As mortal beings we can’t handle the full brunt of God’s glory, but what does a glimpse of Him typically bring? Although we don’t see Moses’ immediate reaction to seeing God’s back in Ex. 33, in the next chapter he is on his face in worship and repentence at God’s next cloud-masked appearance (Ex. 34:8-9). Other encounters with a glimpse of God in scripture reveal a similar penetant reaction. After Job heard and saw as much of God as he could handle, Job despised himself and repented immediately (Job 42:5-6). When God appeared to the prophet Isaiah in a vision, he declared “Woe is me!” as he lamented his own sin (Isaiah 6:5). Jesus’ disciple John, who walked with Jesus years earlier, saw a vision of Him in fuller (but not full) glory on the Island of Patmos and “fell at His feet as though dead.” (Rev. 1:17).

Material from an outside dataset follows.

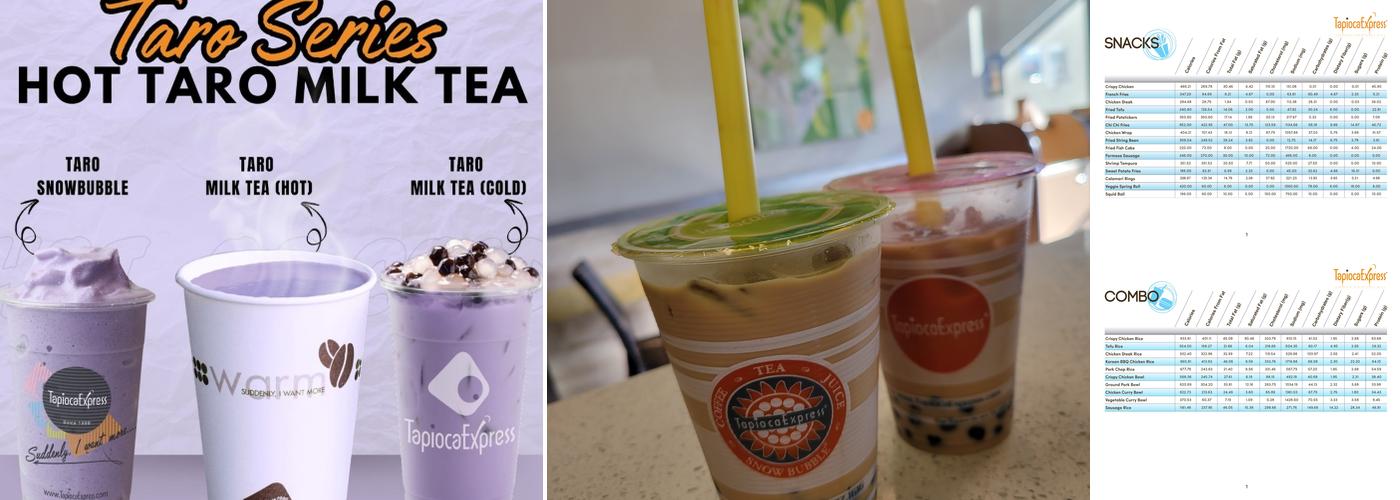 Tapioca Express Menu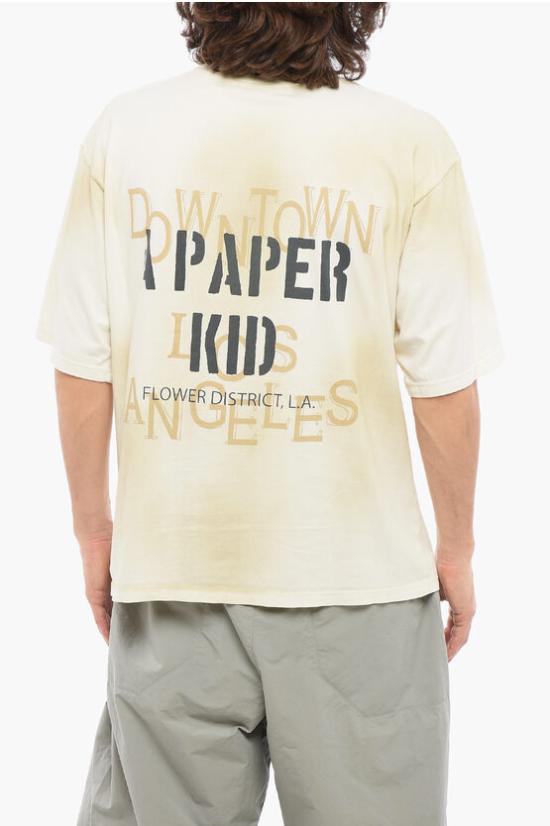  어 페이퍼 키드 반팔 티셔츠 S4PKUATH048013 Beige - A PAPER KID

No doubt there was terror and awe in seeing just a part of God’s glory, but there is something about Him that made people want to also repent. When we are faced with God’s perfect holiness and righteousness, we can also see how far short we come to it. Repentance is an appropriate posture. This is part of what distinguishes the fear of man or monsters from a healthy fear of God (Matt. 10:28).

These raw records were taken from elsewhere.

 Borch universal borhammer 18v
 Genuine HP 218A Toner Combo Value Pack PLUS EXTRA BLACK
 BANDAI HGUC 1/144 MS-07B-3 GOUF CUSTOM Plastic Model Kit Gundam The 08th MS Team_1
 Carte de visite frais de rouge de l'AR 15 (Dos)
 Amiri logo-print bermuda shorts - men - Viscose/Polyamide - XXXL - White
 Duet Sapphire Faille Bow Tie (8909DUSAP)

Francis Chan thought enough about our meeting God that he writes a great deal about it in a book that is supposed to be about marriage. On page 24 of You and Me Forever, Chan says, “Oddly, I meet very few people who think about that moment. Is it because we don’t really believe it’s going to happen? We think about upcoming vacations and imagine how much fun we will have. We think about upcoming trials and worry about how difficult they will be, Why don’t we think about seeing God for the first time?”
The moment we see God, no other relationship, not even our marriages, will come to mind. In fact the only relationship that matters in light of eternity is the one between you and Jesus Christ. And we could see Him at any moment. Any moment! That should change everything. Are you ready?
Everyone will see the face of God one day. We will be outside of the limitations of our physical body when we do, so we will not be able to “die” in His presence. If our sins are covered by the blood of Christ, we will be looking at the Savior. If we are still in our sin, we will be looking at our Judge. But “one day every knee will bow” (Rom. 14:11, Phil. 2:10), and we would all benefit from thinking about finally gazing upon His face. Especially if the realization of who He is (holy) and who we are (sinners) brings our repentance.
Fathers spend their time preparing for their children to leave home; our Heavenly Father is preparing a place for us to come home (John 14:3). This truth should leave with us with both hope and urgency. Our hope is the assurance that although we may be completely unraveled by the sight of our Savior’s face, He will be welcoming us home. A sense of urgency should come from the fact that many do not have this hope. The days are fleeting and we have work to do (Matt. 28:16-20).
“For now we see in a mirror dimly, but then face to face.” (1 Cor. 13:12). Wherever you are, think long and hard about seeing the face of God, and then decide what really matters.